— Required work —
The lines below are to be quoted exactly, from the first through the one that contains "Étagère et armoire".

[Crawled caption data]
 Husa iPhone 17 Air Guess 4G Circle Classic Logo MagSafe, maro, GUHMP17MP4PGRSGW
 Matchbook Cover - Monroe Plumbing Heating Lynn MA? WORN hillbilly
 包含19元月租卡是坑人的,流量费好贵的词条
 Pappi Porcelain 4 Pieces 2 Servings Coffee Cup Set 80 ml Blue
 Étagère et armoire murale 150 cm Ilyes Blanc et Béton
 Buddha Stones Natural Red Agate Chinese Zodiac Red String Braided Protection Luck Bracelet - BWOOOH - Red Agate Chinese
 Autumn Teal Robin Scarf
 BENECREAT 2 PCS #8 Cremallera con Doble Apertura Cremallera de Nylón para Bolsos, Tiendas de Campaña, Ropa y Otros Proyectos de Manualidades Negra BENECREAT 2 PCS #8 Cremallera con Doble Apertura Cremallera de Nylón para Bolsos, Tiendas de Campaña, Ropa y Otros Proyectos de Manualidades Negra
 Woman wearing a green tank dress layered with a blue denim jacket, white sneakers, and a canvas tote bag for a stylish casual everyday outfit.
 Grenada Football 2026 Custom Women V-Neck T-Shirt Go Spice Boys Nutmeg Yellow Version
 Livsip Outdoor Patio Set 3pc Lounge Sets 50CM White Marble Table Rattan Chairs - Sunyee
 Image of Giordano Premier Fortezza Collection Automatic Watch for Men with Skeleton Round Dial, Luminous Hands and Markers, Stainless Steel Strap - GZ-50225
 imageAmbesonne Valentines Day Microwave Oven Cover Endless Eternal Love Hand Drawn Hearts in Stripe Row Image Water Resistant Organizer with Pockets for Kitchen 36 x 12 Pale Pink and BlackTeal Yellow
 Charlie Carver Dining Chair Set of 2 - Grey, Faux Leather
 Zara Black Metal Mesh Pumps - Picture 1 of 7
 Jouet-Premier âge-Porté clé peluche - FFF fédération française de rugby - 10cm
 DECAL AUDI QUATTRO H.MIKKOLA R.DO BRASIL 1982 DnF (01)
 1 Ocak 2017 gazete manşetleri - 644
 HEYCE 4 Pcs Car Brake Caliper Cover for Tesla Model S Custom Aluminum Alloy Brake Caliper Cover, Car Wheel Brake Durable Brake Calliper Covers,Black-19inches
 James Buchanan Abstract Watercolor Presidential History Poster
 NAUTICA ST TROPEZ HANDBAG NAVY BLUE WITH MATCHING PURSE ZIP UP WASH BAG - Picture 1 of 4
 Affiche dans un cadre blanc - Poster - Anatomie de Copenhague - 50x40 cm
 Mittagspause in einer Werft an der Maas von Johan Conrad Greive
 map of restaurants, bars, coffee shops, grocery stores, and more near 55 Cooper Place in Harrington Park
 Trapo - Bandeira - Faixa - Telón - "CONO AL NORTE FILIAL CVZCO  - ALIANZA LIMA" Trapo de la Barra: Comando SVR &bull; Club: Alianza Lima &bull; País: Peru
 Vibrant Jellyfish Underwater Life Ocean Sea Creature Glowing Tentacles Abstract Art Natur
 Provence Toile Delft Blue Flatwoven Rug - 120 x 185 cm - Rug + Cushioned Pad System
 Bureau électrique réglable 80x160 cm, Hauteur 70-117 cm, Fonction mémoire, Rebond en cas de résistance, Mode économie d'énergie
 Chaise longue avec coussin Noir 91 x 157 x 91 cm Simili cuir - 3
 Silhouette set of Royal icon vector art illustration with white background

— Reply —
 Husa iPhone 17 Air Guess 4G Circle Classic Logo MagSafe, maro, GUHMP17MP4PGRSGW
 Matchbook Cover - Monroe Plumbing Heating Lynn MA? WORN hillbilly
 包含19元月租卡是坑人的,流量费好贵的词条
 Pappi Porcelain 4 Pieces 2 Servings Coffee Cup Set 80 ml Blue
 Étagère et armoire murale 150 cm Ilyes Blanc et Béton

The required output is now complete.